Your therapist may actually have some alternate ideas to share with you. Don’t hesitate to let him or her know of your painful response to the splint. That’s not an uncommon reaction but it is one that needs to be corrected. Without some form of holding device, your elbow will only get stiffer.
There are different kinds of splints. Some are more dynamic than others — meaning, they have more elasticity or give to them. It’s possible that with a static (hold in one place) kind of splint, your muscles on either side of the joint are contracting at the same time. This sets up a pain-spasm cycle that is counter productive.
Your therapist will know if there is a different kind of splint (or way to adapt your current splint) to take the painful pressure off but still get the job done. In some cases, serial casting is used to replace splinting. The elbow is moved to the farthest point of motion and a cast is placed around the elbow and forearm. Gradually, the muscles will relax and your elbow will move farther. The cast is removed weekly, the elbow moved to the new end range and then recast. This process is repeated for several weeks.

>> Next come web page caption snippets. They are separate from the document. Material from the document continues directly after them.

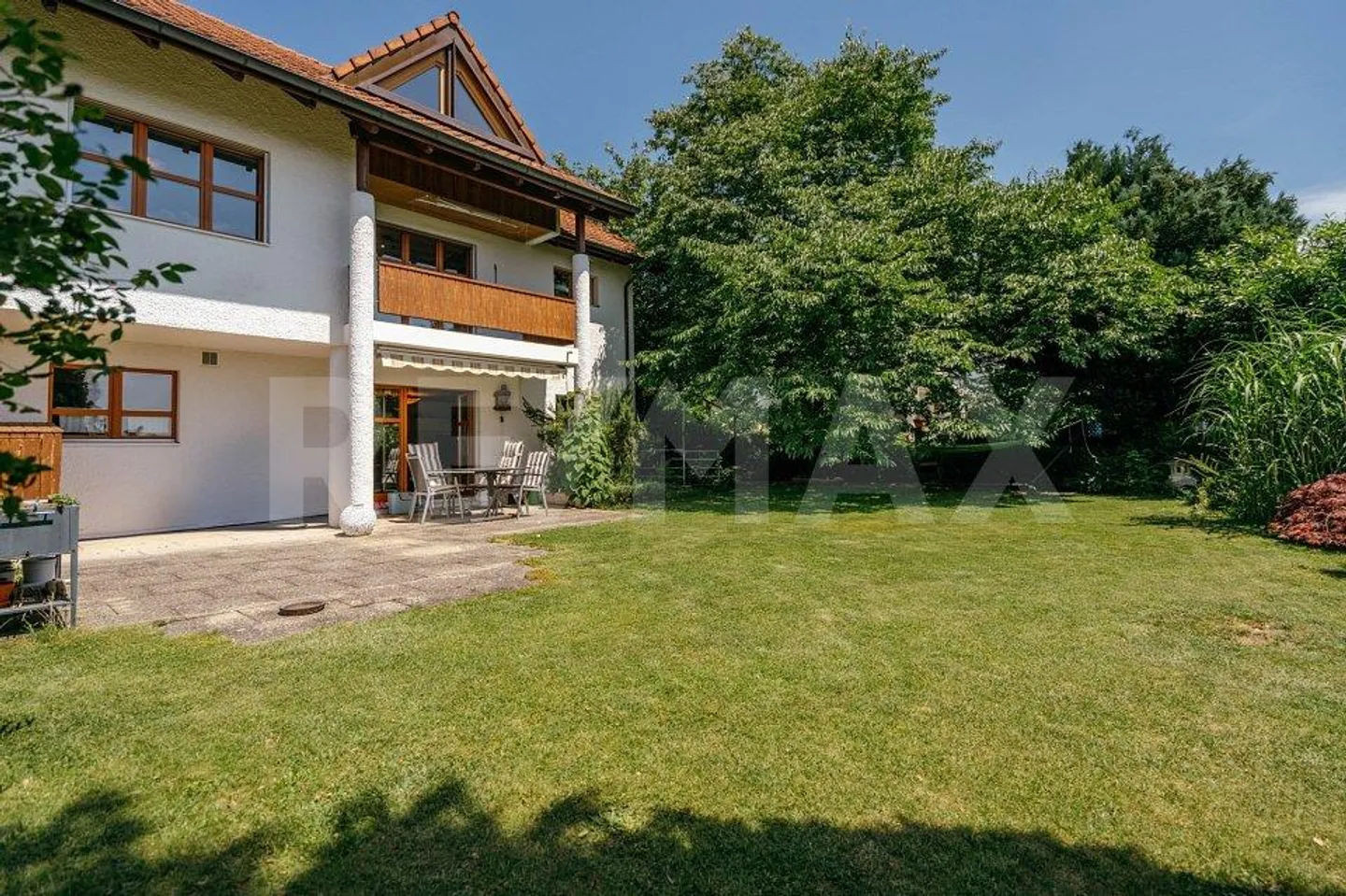 Privileged Living with Garden Paradise in Sunny and Scenic Location - Photo 3 of 13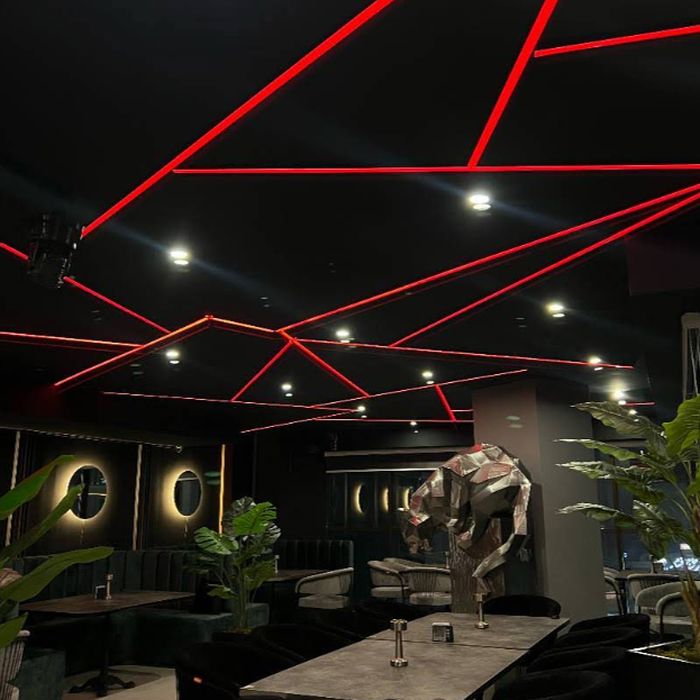 کافه کامفی (Comfy) کرج (1)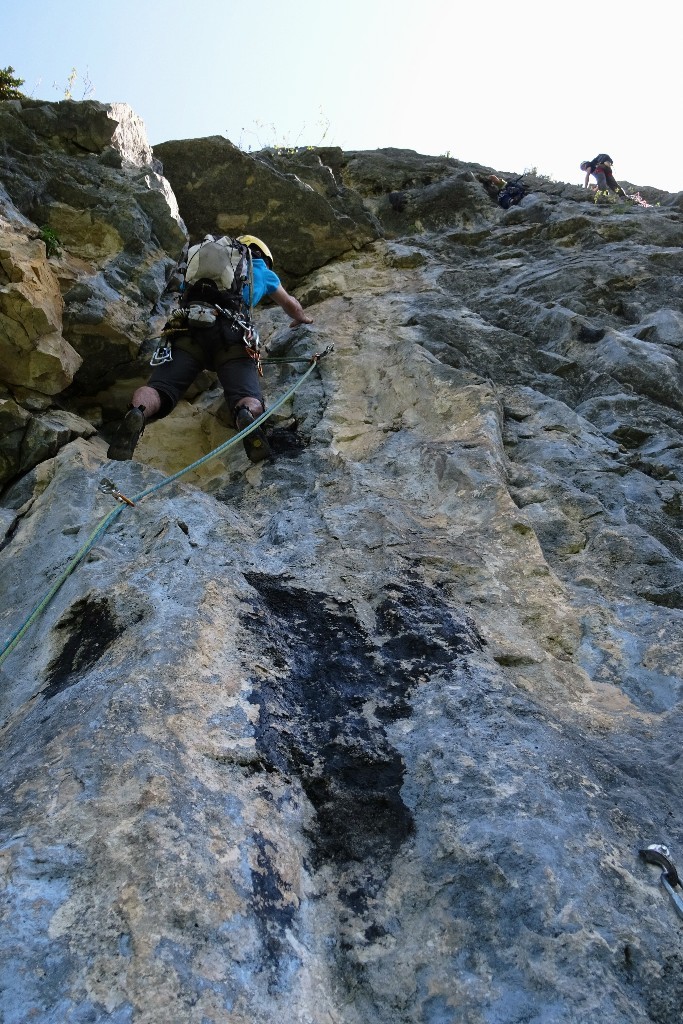 Dan le crux en traversée de L2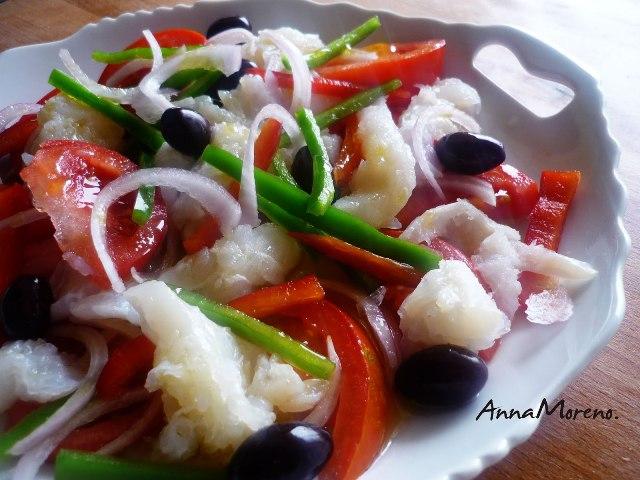 RECETARIO......(ENSALADA TRICOLOR CON BACALAO).-
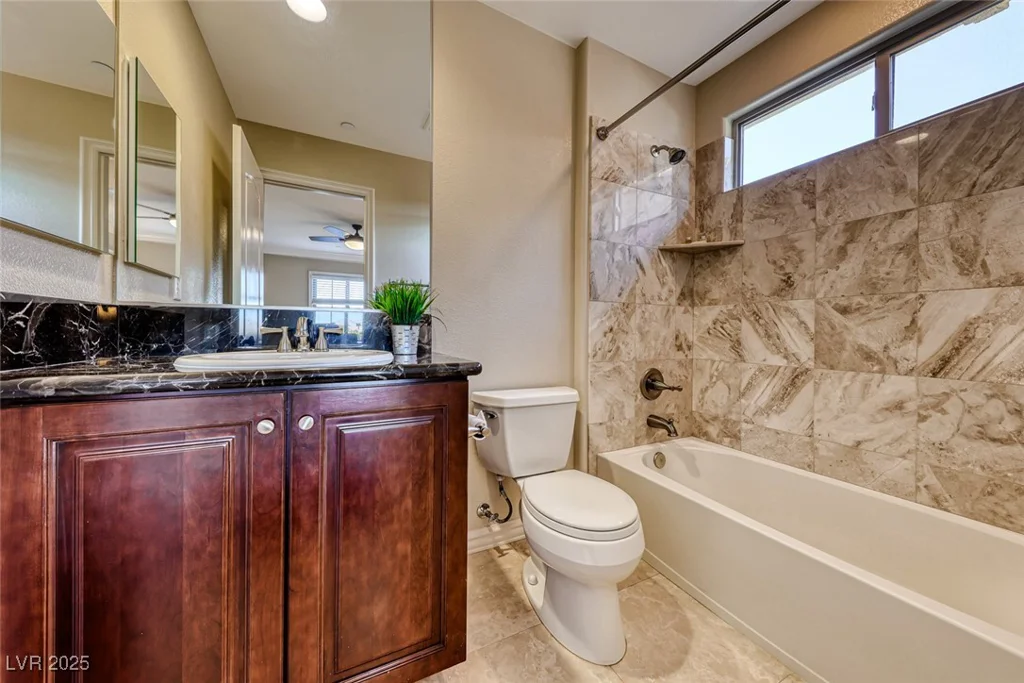 38 Benevolo, Henderson, NV 89011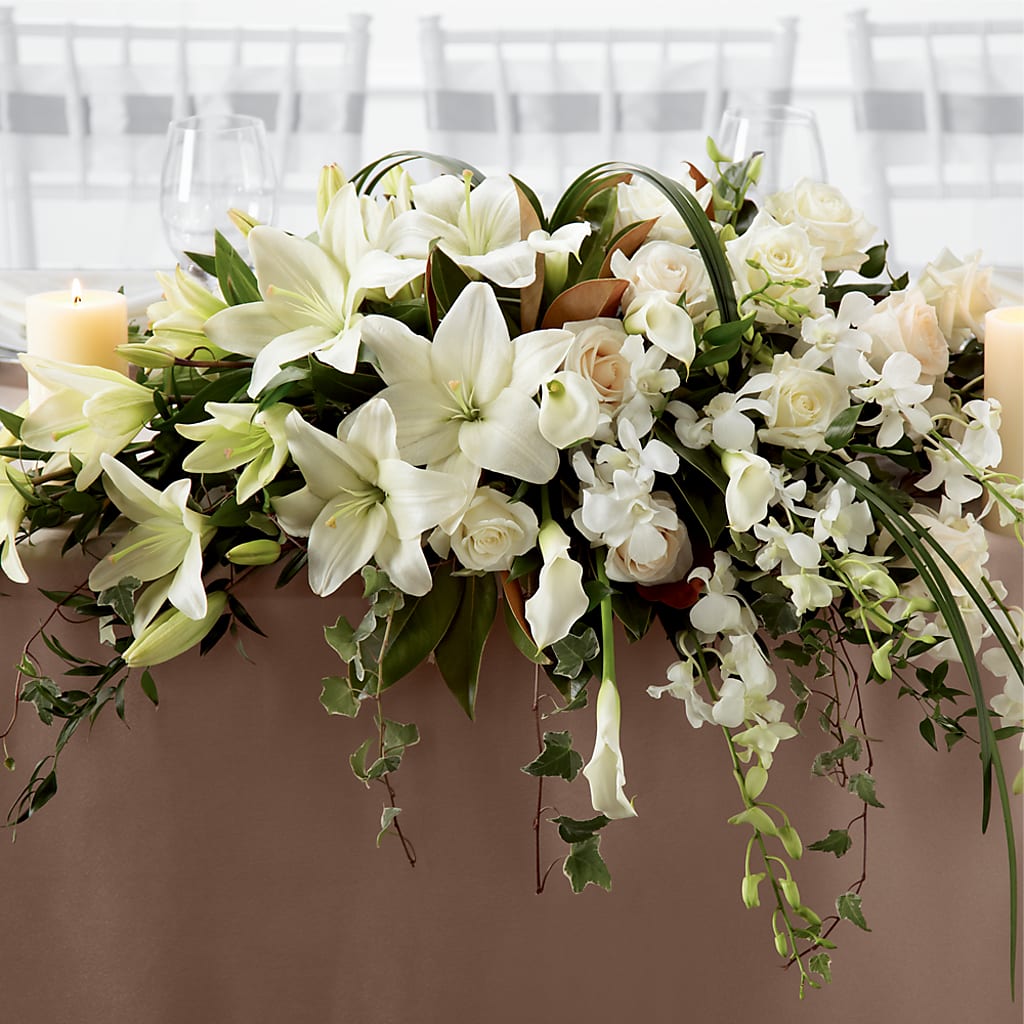 White Linen Arrangement – Flower House Iii, Spring Hill FL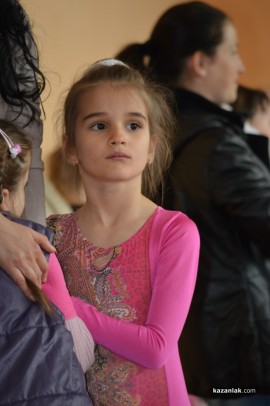 Борис Кърчев финансира участието на казанлъшкия клуб по художествена гимнастика на турнир в чужбина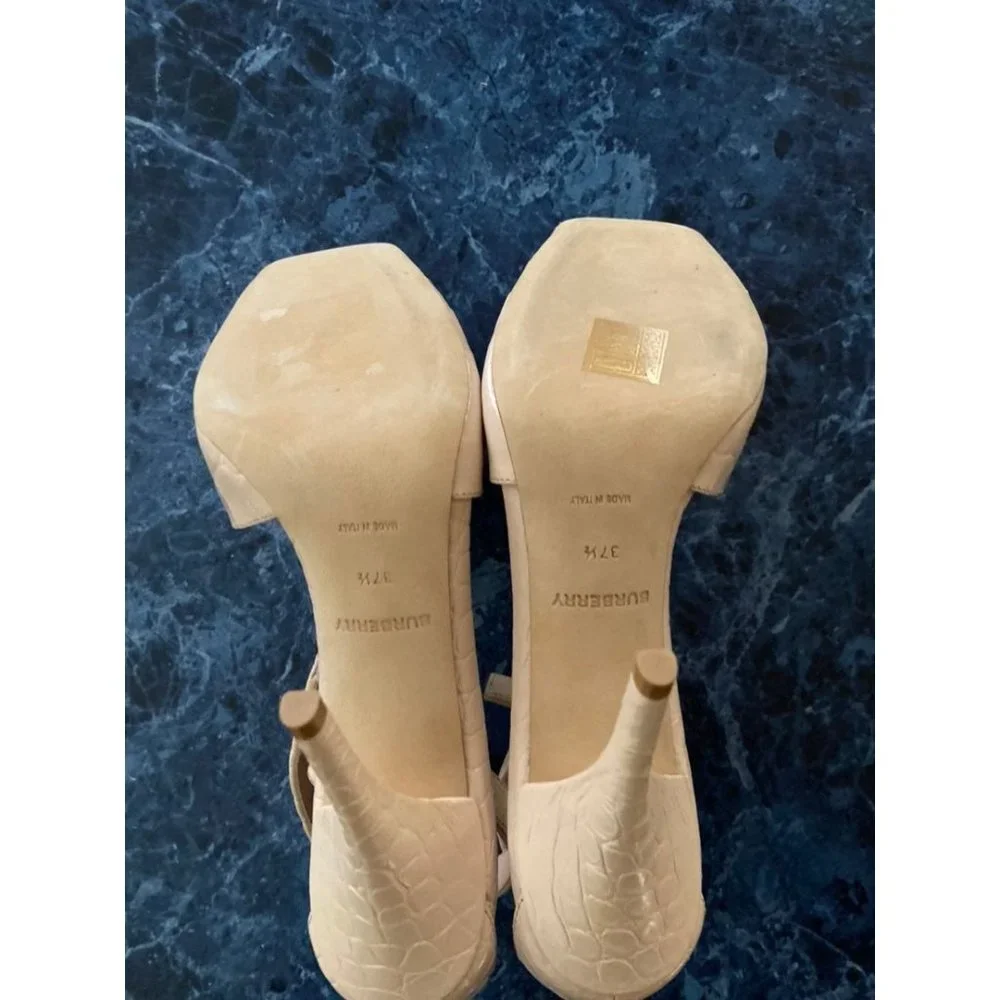 Burberry Triple Stud Embossed Leather Pe - Picture 7 of 8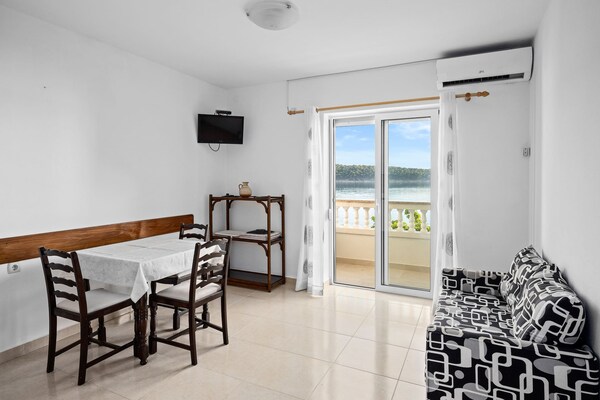 Foto van Kustcomfort met balkon - Vakantiehuis in Rab - Kitchen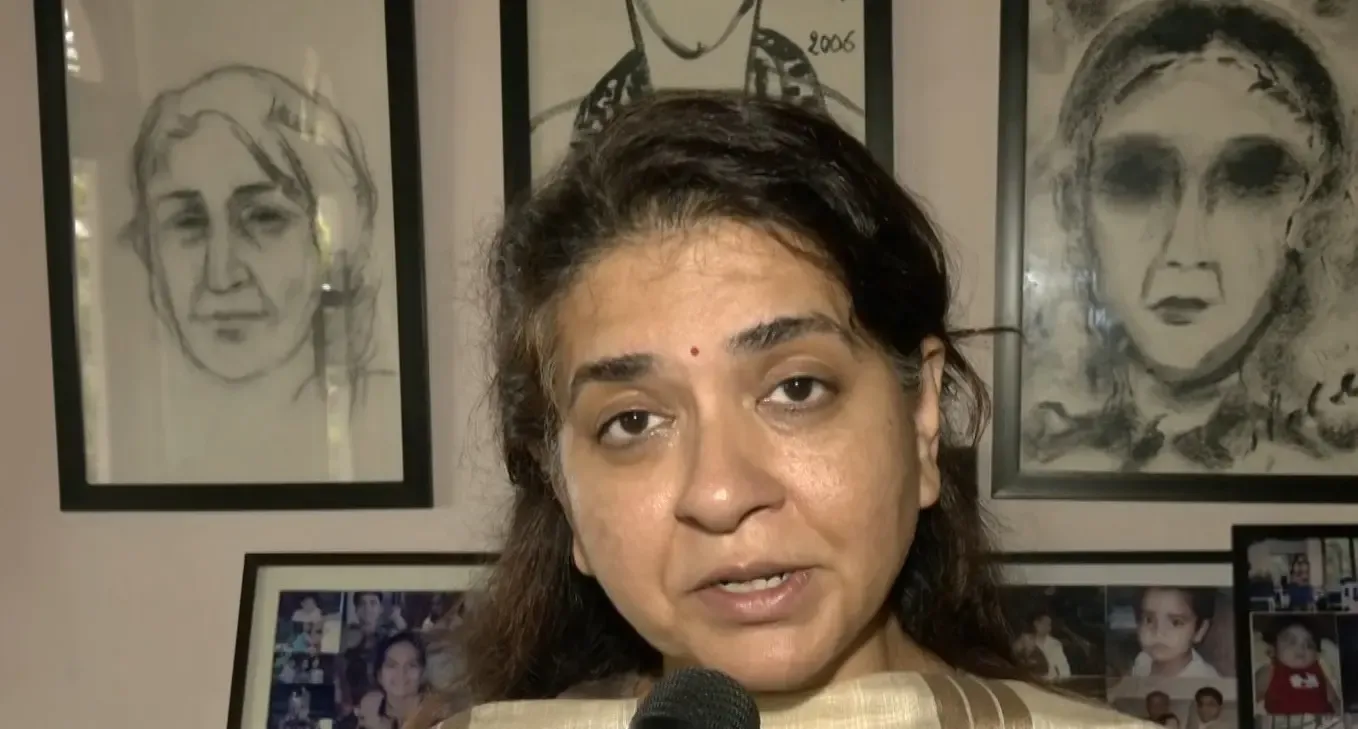 सीजेपी प्रोटेस्ट पर शिवसेना का पलटवार: 'उनके पास कोई जायज़ मुद्दा नहीं', शाइना एनसी और मनीषा कायंदे का विपक्ष पर निशाना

Another option is the use of Botulinum Toxin A (BOTOX). The BOTOX is injected into the muscles that are contracted. It acts as a paralyzing agent to prevent muscle contraction of the muscles injected. Splinting continues but with much less pain and more five in the muscles.
Conservative (nonoperative) care is the best approach. But if all measure fail, then surgery may be a consideration. Before you go that far, work with your therapist and your surgeon to find successful alternatives.